China und Katar in WM-Quali vor dem Aus

Peking/Doha – Vom großen Fußball träumen China und Katar schon lange, doch die sportliche Gegenwart könnte in beiden Ländern trister kaum aussehen.

Die letzten Hoffnungen auf die WM-Teilnahme in Russland könnten sich für die ehrgeizigen Fußball-Entwicklungsländer schon am Dienstag zerschlagen. Scheitern beide Nationen wie erwartet in der Qualifikation für das Turnier im kommenden Jahr, scheitern auch zwei ambitionierte Projekte. Zumindest vorerst.

Peking und Doha pumpten in der Vergangenheit viel Geld in den Aufbau einer fußballerischen Infrastruktur.

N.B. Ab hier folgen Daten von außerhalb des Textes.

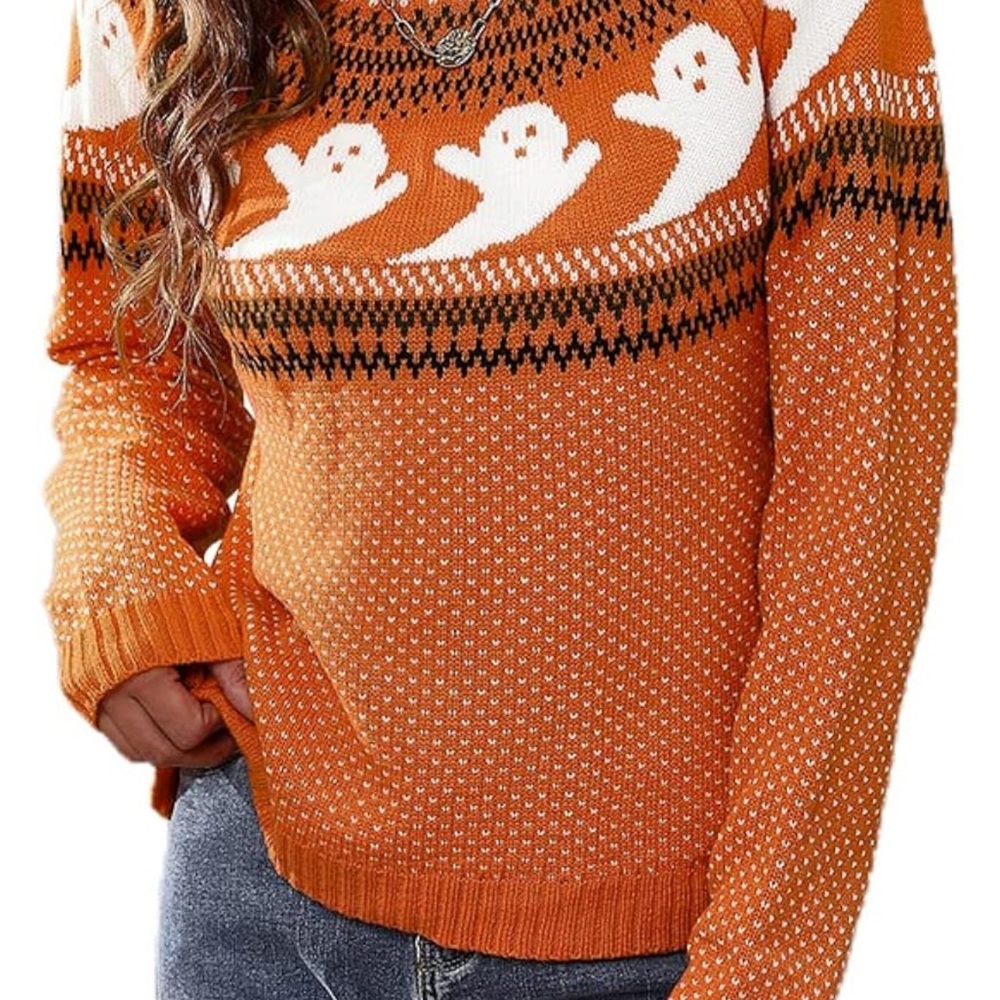 Doublju Halloween Orange and White Crew Neck Sweater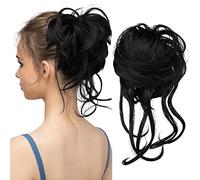 Hair Bun Synthetic Messy Bun with Elastic Rubber Band Wig Curls Scratch Ponytail Extensions Hair Bun Donut Bun Wigs for Women Hair Bun Piece(Jet Black)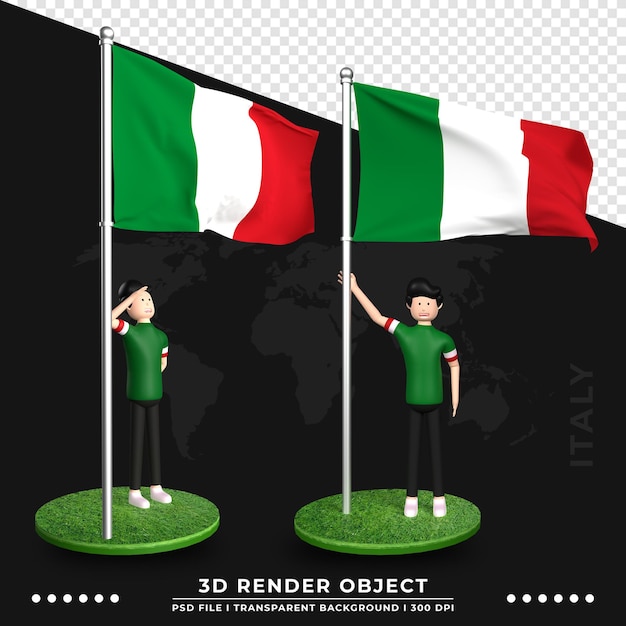 PSD 3d illustratie van de vlag van italië met schattige mensen stripfiguur. 3d-rendering.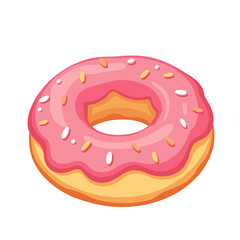 Colorful donut with pink glaze vector on transparent background, perfect for dessert designs, food blogs, menus, and culinary presentations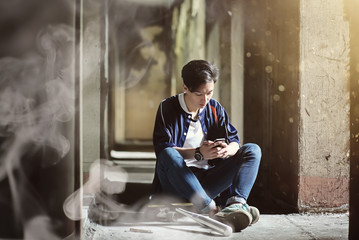 A young person with a baseball bat 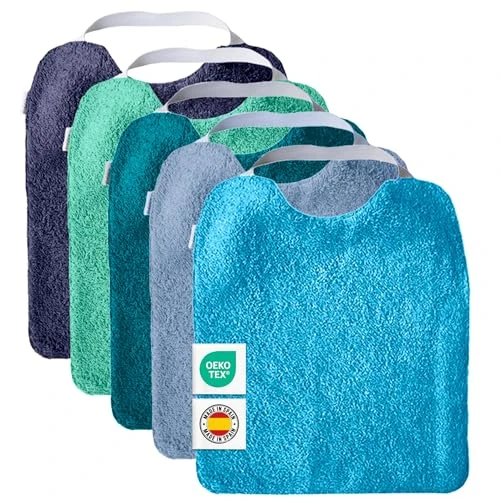 MIMUSELINA Śliniaki dla niemowląt, 5 sztuk, idealne do pokoju dziecięcego, wodoodporne, z gumową opaską na szyję, aby wspierać autonomię i niezależność, frotte, 31 x 25 cm, AQUA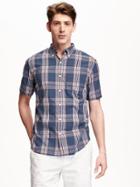 Old Navy Slim Fit Patterned Poplin Shirt For Men - Heather Blue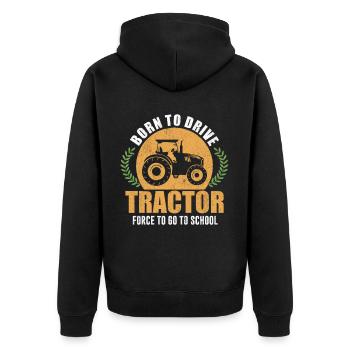 Traktor Trekker Bauer Landwirt - Unisex Premium Bio Zip Hoodie - Schwarz - Hinten - Nico (187cm)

Die Chinesen holten sich sogar den italienischen Weltmeister-Trainer Marcello Lippi als Coach, sportlichen Erfolg brachte das bisher aber nicht. Alle drei ausstehenden Spiele müssten gewonnen werden, damit sich das Team noch auf den dritten Platz retten kann, von dem dann über eine weitere Relegation die Endrunde noch erreicht werden könnte. Gleichzeitig müsste das derzeit drittplatzierte Usbekistan alle Spiele verlieren.

Große Hoffnungen macht sich in China aber schon für die nächste Partie am Dienstag gegen Syrien kaum jemand mehr. «Niemand rechnet mehr damit, unser Team tatsächlich in Russland zu sehen», sagte der bekannte chinesische Fußballkommentator Yan Qiang. Bereits das Hinspiel hatten die Chinesen mit 0:1 verloren, jetzt fehlen auch noch zahlreiche Stammkräfte wegen Verletzungen. Lippi aber wird wohl vorerst bleiben dürfen.

Auch im Golf-Emirat Katar ist die Fußball-Stimmung derzeit alles andere als auf dem Höhepunkt. Das große Ziel ist zwar nach wie vor ein erfolgreiches Abschneiden bei der WM 2022 im eigenen Land. Aktuell sieht es dagegen düster aus. Mit nur vier Punkten aus sieben Spielen hat Katars Nationalelf kaum noch eine Chance, sich für das Turnier in Russland zu qualifizieren. Sollte am Dienstagabend im Heimspiel gegen den Tabellenzweiten Südkorea kein Sieg gelingen, wäre das Team aus dem Rennen.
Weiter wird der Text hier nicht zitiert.